S23 Ultra kontra aparat fotograficzny - test profesjonalnego fotografa

Najważniejsze | Newsy
Opinie: 0
S23 Ultra kontra aparat w rękach profesjonalnego fotografa

Chociaż smartfony już dawno pokonały aparaty kompaktowe niemal całkowicie wypierając je z rynku, wciąż pozostaje pytanie ile można zyskać na jakości zdjęć kupując profesjonalny aparat fotograficzny? Lee Zavitz, który jest zawodowym fotografem, porównał możliwości najnowszego Samsunga Galaxy S23 Ultra ze swoim profesjonalnym aparatem Sony A7IV wyposażonym w obiektyw Sony 24-70mm f2.8 GM. Taki zestaw aparatu z obiektywem kosztuje około 20 tysięcy złotych – wciąż znacznie więcej niż nawet najdroższy wariant S23 Ultra za 8699 zł.

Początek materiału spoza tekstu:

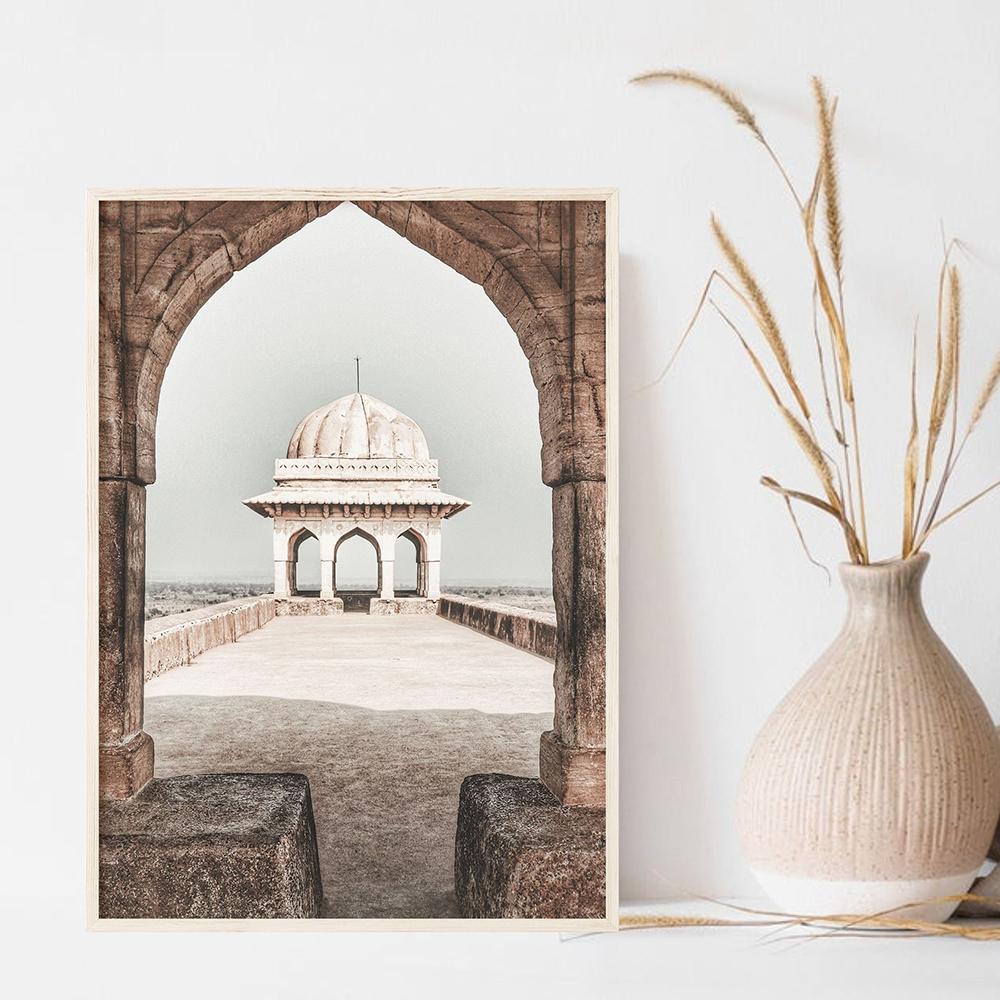 India City Gallery Wall Canvas Painting Taj Mahal Print Photography Wall Art Pictures Architecture Poster Nordic Home Decor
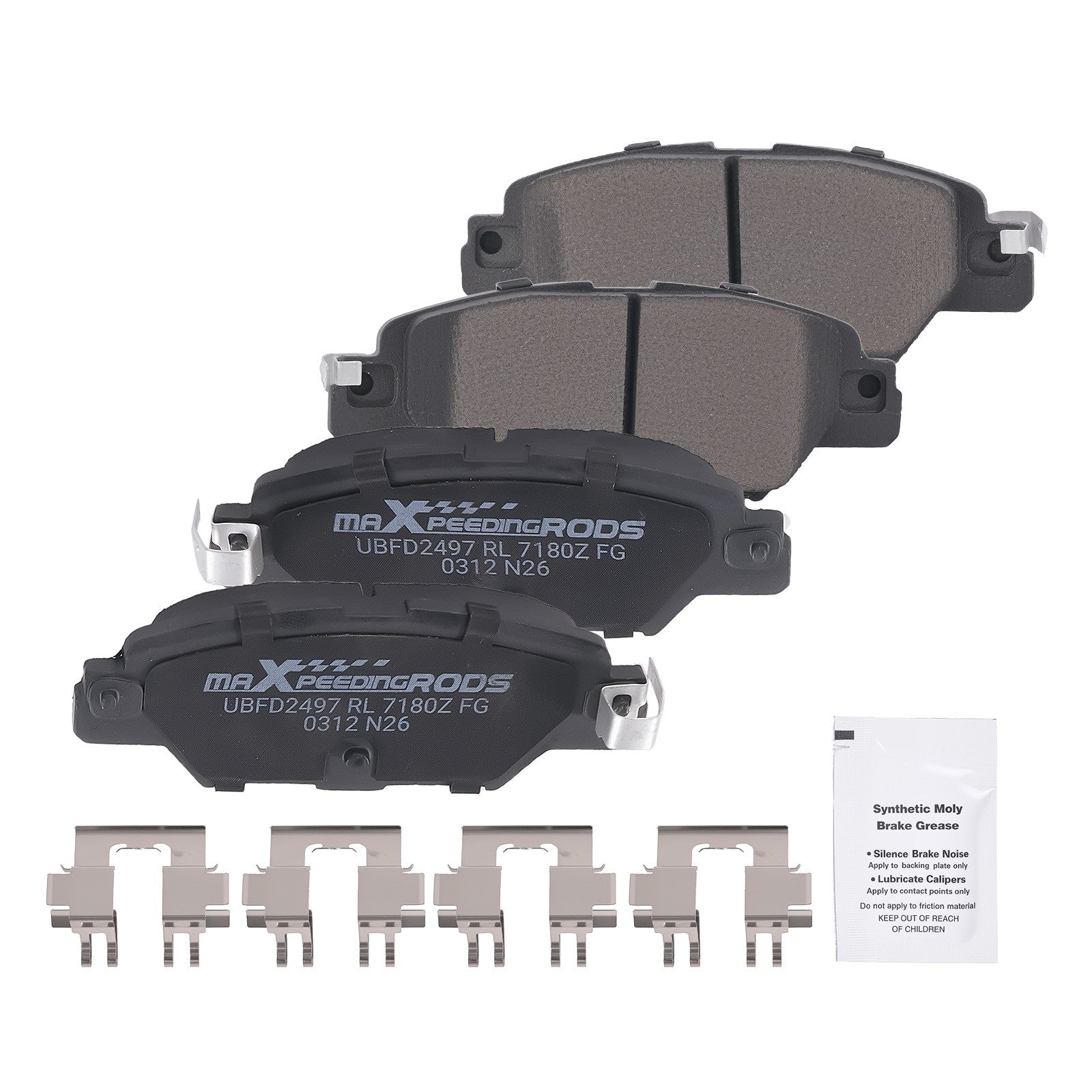 Rear Left&Right Ceramic Brake Pads Set for Mazda CX-5 2016-2025 P1846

Test dotyczył wyłącznie fotografii portretowej w studio, ze sztucznym, kontrolowanym przez fotografa oświetleniem. Na smartfonie S23 Ultra włączony był tryb portretowy z filtrem studio, który oprócz rozmycia tła wpływa na oświetlenie twarzy modelki.

Warunki fotografowania były więc optymalne. Szumy na wyższych czułościach, praca autofokusa w trudnych warunkach oświetleniowych, rozpiętość tonalna nie miały więc znaczenia. Liczyły się wyłącznie kolory, balans bieli, odcienie skóry, detale i precyzja odcięcia od tła.

Wnioski – aparaty tylko dla fotografów

Zdjęcia ze smartfonu są na tyle zbliżone do profesjonalnego aparatu, że nikt kto nie zajmuje się fotografią na co dzień nie miałby uzasadnienia kupowania drogiego aparatu i na dodatek nauki jego obsługi. Innym wnioskiem może być to, że w tym scenariuszu pozostałe elementy (modelka, makijaż, oświetlenie, poza, kadr i tło) odgrywają istotniejszą rolę dla finalnego efektu niż rodzaj aparatu.

Kadry z S23 Ultra i z aparatu mają inny balans bieli, co autorowi filmu udało się poprawić w postprodukcji. Zdjęcia z aparatu są bardziej szczegółowe jeśli chodzi o detale skóry. Z doświadczenia wiem, że dla osób fotografowanych to nie zawsze będzie zaleta. Część osób zdecydowanie preferuje wygląd cery na zdjęciach ze smartfonu.

Ostateczną różnicą pozostaje rozmycie tła. W przypadku aparatu efekt jest osiągany optycznie, a więc nie jest podatny na błędy. Rozmycie jest na niektórych kadrach trochę większe i płynniej przechodzi od elementów ostrych do nieostrych. Nie da się jednak ukryć, że Lee Zavitz zrobił także wile kadrów, gdzie tych różnic po prostu nie widać, albo są bardzo subtelne. Tryb portretowy z punktu widzenia amatora albo osoby fotografowanej osiągnął na S23 Ultra bardzo dobry poziom.

Na koniec najważniejsze jest to, aby nie zapomnieć, że nie każdy użytkownik smartfonu jest fotografem i ten fakt działa przede wszystkim na korzyść telefonu, a nie aparatu. Właśnie dlatego smartfon zastąpił aparaty fotograficzne mimo, że te wciąż oferują bezkompromisową jakość. Dla większości z nas sięganie po nią zupełnie się nie opłaca.